A former South Waterford man recently recalled the timber salvaging operations the U.S. government conducted after the Hurricane of 1938.
“I remember them quite vividly,” said 85-year-old Clarence W. Brown, a retired licensed master plumber who now lives at the Fryeburg Health Care Center in Fryeburg.
Brown was an 11-year-old boy living in South Waterford village with his grandparents when the remnants of one of the strongest hurricanes to ever hit New England blew through. It took down thousands and thousands of trees.
The U.S. Forest Service reported at the time that even with the large-scale responses to the hurricane, it was the single storm that most greatly influenced the long-term makeup of the New England forest landscape.
“I remember it coming up,” said Brown whose house lay at the foot of one of the mountains. “I could hear the wind blowing up by my bedroom window. I could hear the noise of the wind. I pulled the shade for the night but it let go and rolled up and woke me.”
He stayed in his bed listening to the storm.
Earlier in the day it had killed more than 250 people when its 100-plus-mile-per hour winds smashed into Rhode Island, Massachusetts and Connecticut.
The highest winds recorded in Portland were about 70 miles per hour.
“I’m not so sure it might have been a little bit of a tornado,” Brown said.
Local reports at the time said Maine faced two grave problems in the storm’s aftermath — mitigating the fire hazard caused by the downed trees and salvaging felled timber to help retain the economic lifeline of the state.
“Valuable stands of lumber were reduced to a shambles, a twisted uprooted mass of debris,” the Lewiston Evening Journal reported about the salvage operation two years later. “Thousands of acres were thus affected, it being nearly impossible to accurately determine the real loss suffered.”
By November 1938, U.S. Forestry officials in Boston were saying there were up to 20 ponds with a capacity of 38,000,000 board feet available for storage, according to the Lewiston Evening Journal at the time. More storage areas were to be designated as the months went on. Similar sites were established throughout New England, the biggest in Concord, N.H.
Timber Salvaging Begins
Salvaging began in December 1938. Field headquarters were established in Bridgton and 35 receiving stations throughout the hurricane area were approved. These storage sites were located for the most part at ponds adjacent to sizable areas of salvageable timber. Preparations were made to preserve the logs, should it become necessary to hold them. Hundreds of lakes across New England were designated as timber reservoirs.
Logs were driven down rivers and ponds using booms to get there, Brown said. Those that weren’t driven by boom to the mill for immediate cutting remained on the surface of the ice-covered ponds and lakes until the spring. When the thawing began they fell to the bottom and were preserved.
One such site was at Bear Pond in South Waterford, where the U.S. Forestry Service set up a temporary saw mill at the outlet to the pond about a half a mile from Brown’s home on the Bridgton end of the pond.
The Northeastern Timber Salvage Administration was formed to oversee the operation.

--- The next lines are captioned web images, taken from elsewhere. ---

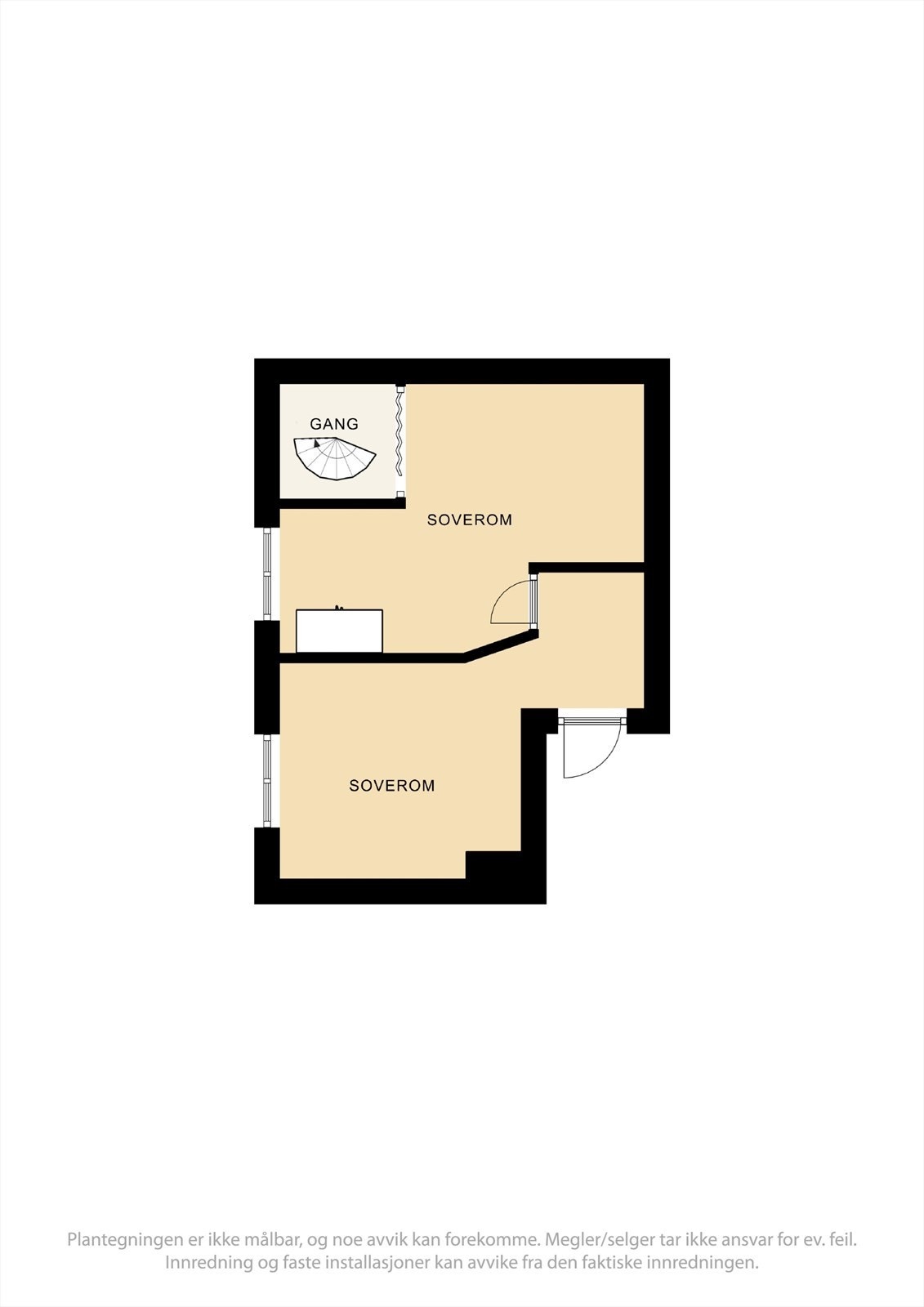 Plantegning. Galleribilde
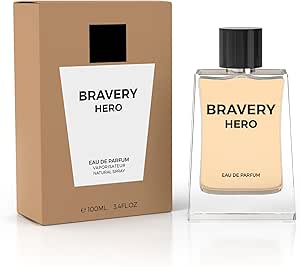 عطر او دي بارفان برافري هيرو للرجال من مايلستون، 100 مل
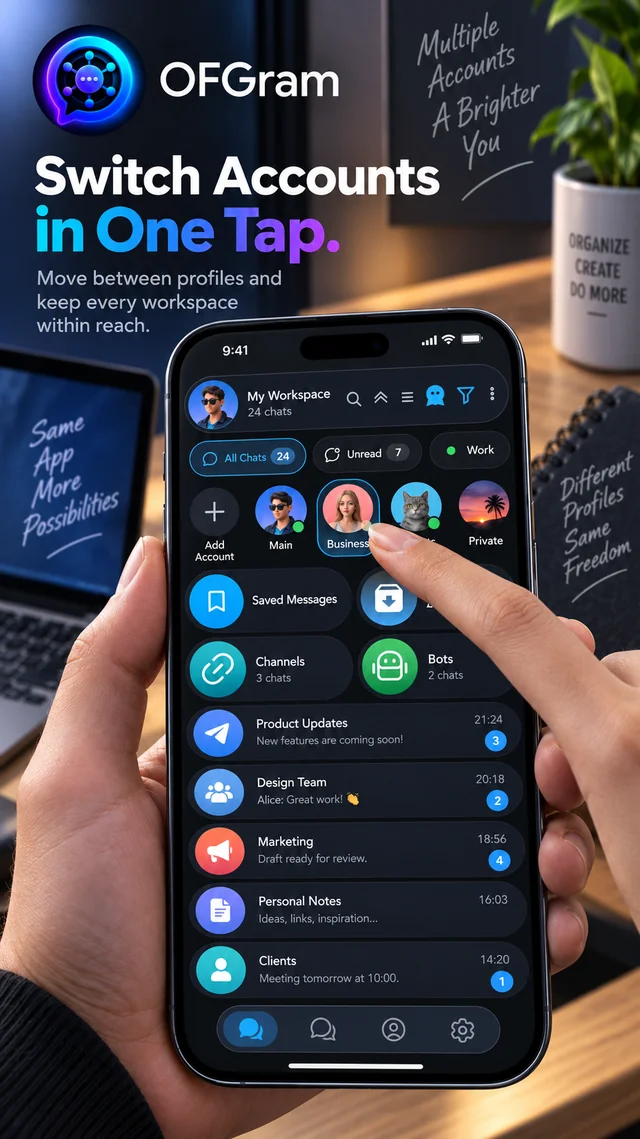 OFGram — screenshot 2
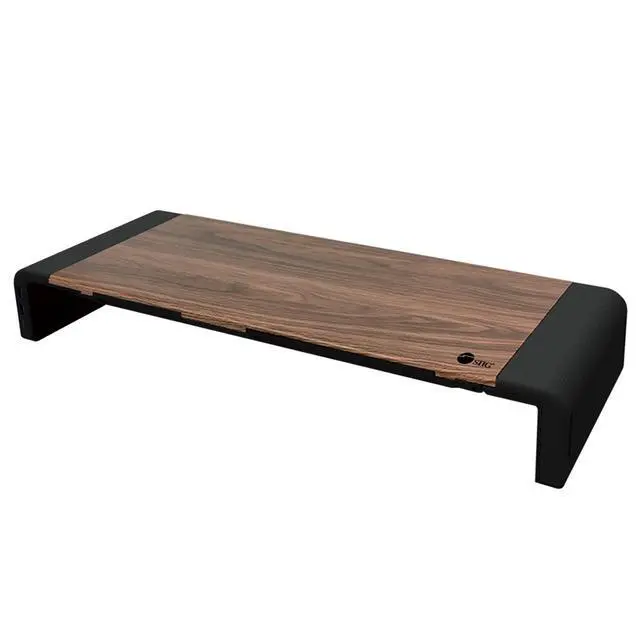Alt view image 16 of 20 - SIIG Stylish Foldable Monitor Stand with USB Hub CEMT2Q12S1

In Oxford County, the system of lakes and rivers became important not only as storage reservoirs but as the path to Sanford where the Saco River carried millions of logs to port.
More than 2 million board feet of felled timber were swept through the white water of the Crooked River in Harrison to a storage basin at Scribner’s Mill.
Using a network of planks and piers, more than 2 million board feet were sluiced through the bridge at Norway to complete a storage basin in Pennesseewassee Lake. Dry sites were established at Fryeburg and Harrison to store the less important trees such as Norway and red pine and hemlock.
The site of the temporary government sawmill on Bear Pond is gone. Brown said a few years after it was abandoned in the early 1940s, all he could find was a little pile of sawdust. It was that way across New England.
“They were gone after they finished cutting those logs and boards,” he said.
Today, there is still an ongoing effort to salvage the hurricane timber. Two companies in Scarborough have been permitted by the Department of Environmental Protection to attempt to locate and recover some of the timber from Maine’s lakes and ponds.
The River Drive Lumber Co. is expected to harvest hurricane timber in Bear Pond next summer. The company owner is also looking for other places to harvest timber in Bridgton and Bethel.